2023-11-24 18:13:54 | サッカー視聴記(2023年J2)

※前回の秋田の記事はこちら(順延26節・町田戦、1-2)
※前回の徳島の記事はこちら(41節・藤枝戦、0-0)

<秋田スタメン> ※()内は前節のスタメン

  • 前節(岡山戦、2-0)出場停止の高田椋がスタメン復帰。
  • 田中裕が今季限りでの現役引退を発表。
  • 37節(栃木戦、2-0)で負傷交代した水谷の詳細が発表され、全治8週間との事。
  • 40節(大分戦、1-2)で負傷交代した飯尾の詳細が発表されるも、全治は未定との事。

<徳島スタメン>

  • 杉本が累積警告により出場停止。

ある意味残留争いに相応しいといえる、塹壕戦への切り替えで生き残りを果たした徳島。
その後は、前節の対戦相手である藤枝と同様に本来のポゼッションスタイルを取り戻さんとしたものの、その爪痕は大きかったようで。
藤枝のハイプレスを受け、パスを繋ぐのに難儀する時間が長く。
相手選手の退場に助けられたという格好でボール保持率を高めたものの、結局はそれだけという感じのスコアレスドローに終わった前節。

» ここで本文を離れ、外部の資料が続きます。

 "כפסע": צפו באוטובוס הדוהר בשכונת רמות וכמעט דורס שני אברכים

シーズン途中で解任され、結局は業務提携を果たしたレアル・ソシエダ(スペイン)側のコネの人事というような印象を残したベニャート・ラバイン前監督。
そんな経歴で思い起こされるのが、現在J1の上層に定着している川崎の胎動期。
未だJFL所属の時代の頃、J参入を目指すためにグレミオFBPA(ブラジル)と業務提携を結んだという事があり。
それでも盤石とはいかず、何とか1999年に初のJ1昇格を果たしたのですが、そこでその関係が足枷となり。
昇格の功労者である松本育夫監督を突然代え、コーチのゼッカ氏(グレミオ出身)が監督に就任したシーズン前。
この不透明な人事(と、大量の選手獲得)によりチームの和は乱れ、1年でJ2へ舞い戻る事となりました。(ゼッカ氏は10試合で解任)
その後4年間J2暮らしを強いられるなど、あの川崎にもそんな時代があったのか……とも思いますが、それは脇に置いておき。

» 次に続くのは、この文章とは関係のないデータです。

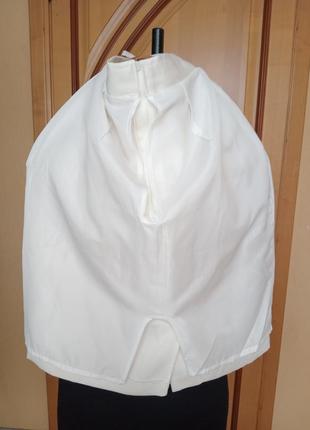 Белая шерстяная юбка с имитацией запаха5 фото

現代は当時と比べてサッカー戦術も発展し、監督初体験のラバイン氏も優秀な分析担当官だったという事で、当時のような「当たるも八卦な外国人監督」というものでは無く。
それでもジンクスは健在だったようで、賭けに外れた形となった今季の徳島。
恐らくオフには、選手を多くした今季の反動=大量流出が起こる事が予想されるので、一から出直しを図るしかないと思われます。
非常に気になるその動向ですが、まずは最終節を戦う事。

雨模様のなか開催された、秋田のホーム・ソユースタジアムでの最終戦。
現在の徳島はいわば「中途半端なポゼッション」な状態と推測されますが、それは秋田のような強度を押し出すチームにとっては格好の的であり。
いつも通りのサッカーで、ペースを握るのはそれほど難しくはありませんでした。

前半6分徳島のパスミスを拾った齋藤のバックパスを、中村がダイレクトでスルーパス。
受けた藤山の再度のスルーパスがディフェンスに当たり、ラインを割ってコーナーキックと、攻撃が途切れてもセットプレーで継続という流れは不変であり。
この右CK、キッカー高田椋はライナーでのクロスと変化を付けにかかり、さらに上げた先は(ライナー性のボールにありがちな)ファーでは無くニアサイド。
これを中村が合わせヘディングシュート(GK田中颯キャッチ)と、試合に入りきれていない相手を二重・三重にも揺さぶります。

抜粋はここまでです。